6 min read
Part of Series: Technical Design Docs
  1. CSP-Sentinel Technical Design Document

CSP-Sentinel Technical Design Document

Status: Draft / Planning
Target Build: Q1 2026
Version: 1.0

CSP-Sentinel is a centralized, high-throughput system designed to collect, process, and analyze Content Security Policy (CSP) violation reports from web browsers. As our web properties serve tens of thousands of requests per second, the system must handle significant burst traffic (baseline 50k RPS, scaling to 100k+ RPS) while maintaining near-zero impact on client browsers.

The system will leverage a modern, forward-looking stack (Java 25, Spring Boot 4, Kafka, Snowflake) to ensure long-term support and performance optimization.

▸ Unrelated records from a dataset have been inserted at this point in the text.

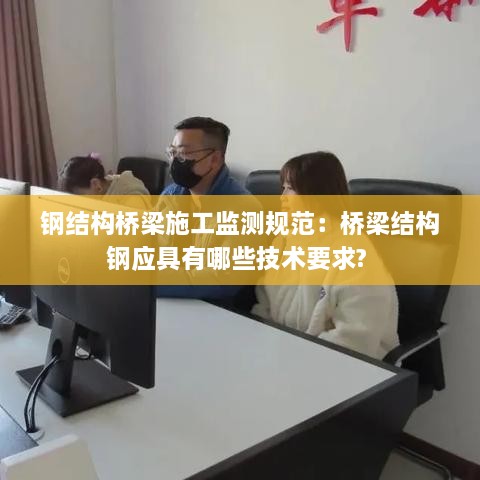 钢结构桥梁施工监测规范：桥梁结构钢应具有哪些技术要求? 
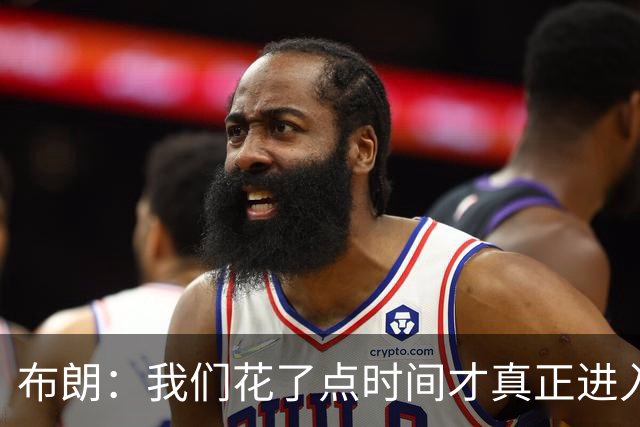 布朗：我们花了点时间才真正进入比赛状态，但找到节奏就好了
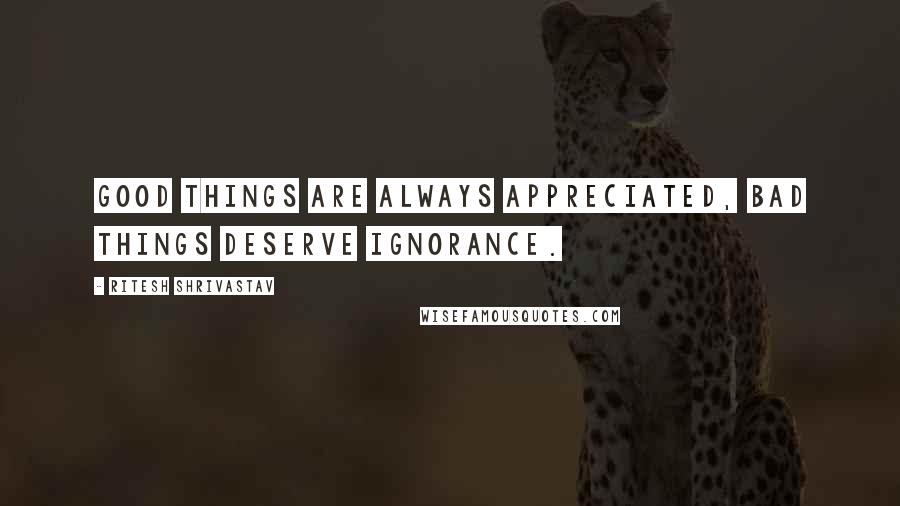 Ritesh Shrivastav Quotes: Good things are always appreciated, bad things deserve ignorance.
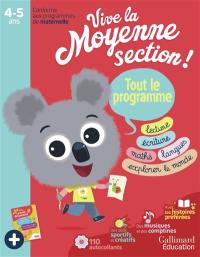 Vive la moyenne section ! tout le programme, 4-5 ans : lecture, écriture, maths, langues, explorer le monde : conforme aux programmes de maternelle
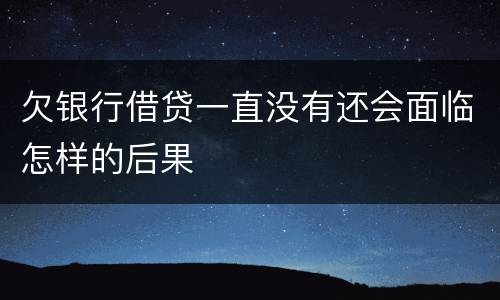 欠银行借贷一直没有还会面临怎样的后果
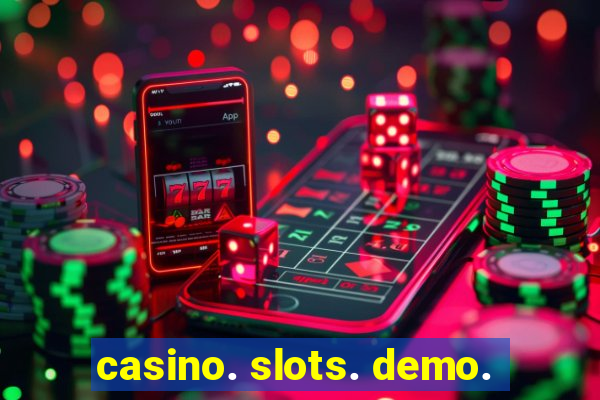 casino. slots. demo.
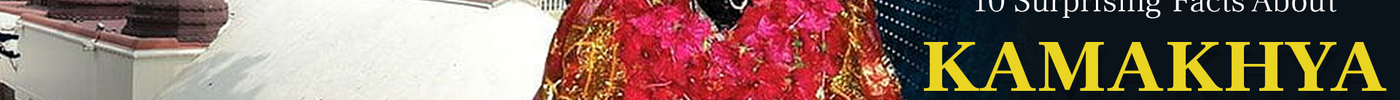 10 Surprising Facts About Kamakhya Temple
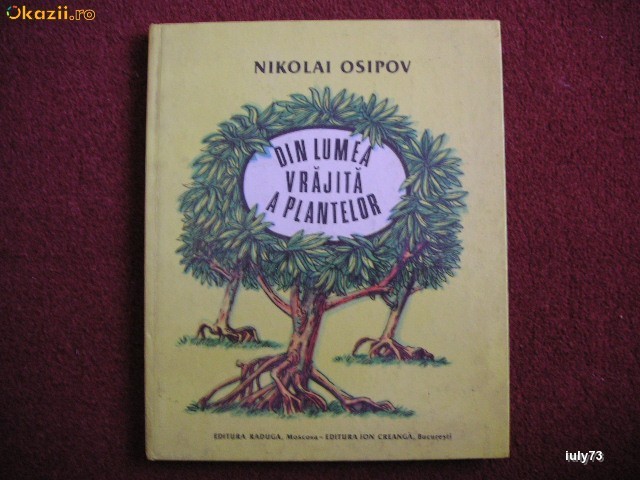 Nicolai Osipov - Din lumea vrajita a plantelor Nicolai Osipov - Din lumea vrajita a plantelor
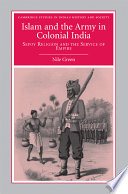 Islam and the army in colonial India : Sepoy Religion in the service of empire /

It features an asynchronous, decoupled architecture to guarantee reliability and scalability.

Modern browsers send CSP violation reports as JSON payloads when a webpage violates defined security policies. Aggregating these reports allows our security and development teams to:

  • Identify misconfigurations and false positives.
  • Detect malicious activity (XSS attempts).
  • Monitor policy rollout health across all properties.

Key Objectives:

  • High Throughput: Handle massive bursts of report traffic during incidents.
  • Low Latency: Return 204 No Content immediately to clients.
  • Noise Reduction: Deduplicate repetitive reports from the same user/browser.
  • Actionable Insights: Provide dashboards and alerts for developers.
  • Future-Proof: Built on the latest LTS technologies available for Q1 2026.
  • Ingestion API: Expose a POST /csp/report endpoint accepting standard CSP JSON formats (Legacy csp-report and modern Report-To).
  • Immediate Response: Always respond with HTTP 204 without waiting for processing.
  • Deduplication: Suppress identical violations from the same browser within a short window (e.g., 10 minutes) using Redis.
  • Storage: Store detailed violation records (timestamp, directive, blocked URI, etc.) for querying.
  • Analytics: Support querying by directive, blocked host, and full-text search on resource URLs.
  • Visualization: Integration with Grafana for trends, top violators, and alerting.
  • Retention: Retain production data for 90 days.
  • Scalability: Horizontal scaling from 50k RPS to 1M+ RPS.
  • Reliability: “Fire-and-forget” ingestion with durable buffering in Kafka. At-least-once delivery.
  • Flexibility: Plug-and-play storage layer (Snowflake for Prod, Postgres for Dev).
  • Security: Stateless API, standardized TLS, secure access to dashboards.

We have selected the latest Long-Term Support (LTS) and stable versions projected for the build timeframe.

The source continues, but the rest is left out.